M. Bernard Perrut, rapporteur de la commission des affaires culturelles, familiales et sociales. Très bien !

M. Jean-Pierre Soisson. Faut-il préciser ce qui relève de la loi et ce qui relève du contrat ? Je le pense et c’est l’objet de notre réunion.

J’ai entendu tout à l’heure que ce texte survenait en fin de législature et en fin de mandat présidentiel. C’est vrai ! Mais on pourrait le lui reprocher s’il était en quelque sorte une conclusion ou une clause de rattrapage – si j’ai bien entendu MM. Vidalies et Gorce. Je crois qu’il faut le prendre autrement. Je le dis simplement : ce projet de loi est un point de départ. C’est ainsi que le groupe UMP le considère. Nous aborderons, comme le parti socialiste le fera, le problème de la représentativité syndicale en des termes qui ne seront peut-être pas très éloignés. Je considère que, demain, la représentativité des syndicats devra s’appuyer sur leur représentativité nationale, que la règle majoritaire pourra être retenue. Je pense aussi que d’autres critères, qui tiennent à l’histoire des relations sociales de notre pays, devront être maintenus et que l’équilibre sera difficile à définir.

Dans un texte provenant de M. Bernard Thibault et de M. François Chérèque, il nous est demandé d’amender le projet afin que soient modifiées les règles de la représentativité et du financement des organisations syndicales. Nous sommes d’accord sur le principe. Mais ils ajoutent que la représentation syndicale doit être fondée sur des élections professionnelles généralisées à tous les salariés.

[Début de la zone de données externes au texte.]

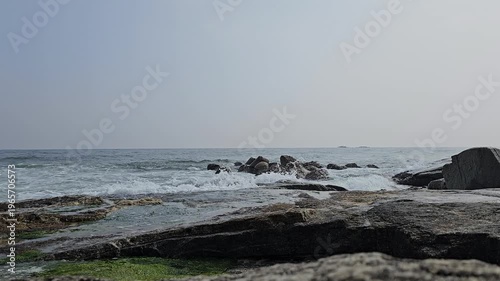 강원도 강릉 여행 바닷가 해변 경관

Ils nous laissent la liberté de définir les conditions et ils nous demandent de réserver le champ de la négociation que demain le ministre du travail engagera avec eux.

M. Chérèque ajoute que, « sur la base de représentativités mesurées, le principe de l’accord majoritaire devra être appliqué aux différents niveaux de la négociation collective ». Cela ne nous permet pas, en quelques heures ou en quelques jours, de définir et de voter les principes d’une nouvelle représentativité syndicale.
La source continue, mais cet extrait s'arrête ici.